They also have a say on spending worth £3.8 billion – an eye watering sum in anyone’s book. […]
Many of them do great work but there’s a growing feeling that they could do better to use social media to really engage with the communities they serve. So we’re helping see how some social media guidelines can help.
And maybe a mapping exercise or two?
One of the most common ways of mapping a social network around an individual is to look at how the followers of that individual follow each other. This approach is used to generate things like LinkedIn’s InMap. One issue with generating these sorts of maps is that to generate a comprehensive map we need to grab the friend/follower data for the whole friend/follower network. The Twitter API allows you to look up friend/follower information for 15 people every fifteen minutes, so to map a large network could take some time!

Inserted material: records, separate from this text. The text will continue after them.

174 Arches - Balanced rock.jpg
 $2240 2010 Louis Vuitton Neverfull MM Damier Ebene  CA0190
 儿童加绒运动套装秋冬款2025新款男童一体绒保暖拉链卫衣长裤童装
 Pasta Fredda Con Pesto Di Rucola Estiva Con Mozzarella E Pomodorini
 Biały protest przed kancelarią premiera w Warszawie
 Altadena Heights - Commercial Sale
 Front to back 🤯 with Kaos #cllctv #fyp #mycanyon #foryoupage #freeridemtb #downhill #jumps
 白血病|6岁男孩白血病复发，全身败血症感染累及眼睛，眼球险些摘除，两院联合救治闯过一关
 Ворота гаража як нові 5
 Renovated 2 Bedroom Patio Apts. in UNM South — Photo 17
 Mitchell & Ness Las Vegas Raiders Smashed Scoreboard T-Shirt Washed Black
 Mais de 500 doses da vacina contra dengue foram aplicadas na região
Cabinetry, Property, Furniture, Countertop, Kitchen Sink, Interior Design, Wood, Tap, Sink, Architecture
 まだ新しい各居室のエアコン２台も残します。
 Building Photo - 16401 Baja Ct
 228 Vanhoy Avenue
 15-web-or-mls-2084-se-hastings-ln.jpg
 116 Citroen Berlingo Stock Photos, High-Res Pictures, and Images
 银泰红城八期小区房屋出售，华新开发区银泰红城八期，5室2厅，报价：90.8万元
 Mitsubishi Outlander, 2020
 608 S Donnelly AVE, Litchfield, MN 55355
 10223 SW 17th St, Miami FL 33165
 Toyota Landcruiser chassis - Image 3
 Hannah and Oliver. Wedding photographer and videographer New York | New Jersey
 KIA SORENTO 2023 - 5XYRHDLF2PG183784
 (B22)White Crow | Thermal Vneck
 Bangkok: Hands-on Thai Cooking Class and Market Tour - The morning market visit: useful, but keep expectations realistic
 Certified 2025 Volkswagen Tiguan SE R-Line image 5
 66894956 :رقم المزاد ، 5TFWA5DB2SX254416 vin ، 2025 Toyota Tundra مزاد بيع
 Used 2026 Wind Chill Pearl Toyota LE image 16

Alternatively, we can get a list of all the followers of an individual and then see how a sample of those followers connect to the rest to see if we can identify any particular groupings.
Another way is to map conversation between individuals on Twitter who are discussing a particular topic using a specific hashtag. A great example is Martin Hawksey‘s TAGS Explorer, which can be used to archive and visualise hashtag-based Twitter conversations. One of the issues with this approach is that we only get sight of people who are actively engaged in a conversation via the hashtag we are monitoring at the time we are sampling the Twitter conversation data.
For Excel users, NodeXL is a social network analysis tool that supports the import and analysis of Twitter network data. I don’t have any experience of using this tool, so I can’t really comment any more!
In the rest of this post, I will describe another mapping technique – emergent social positioning (ESP) – that tries to identify the common friends of the followers of a particular individual.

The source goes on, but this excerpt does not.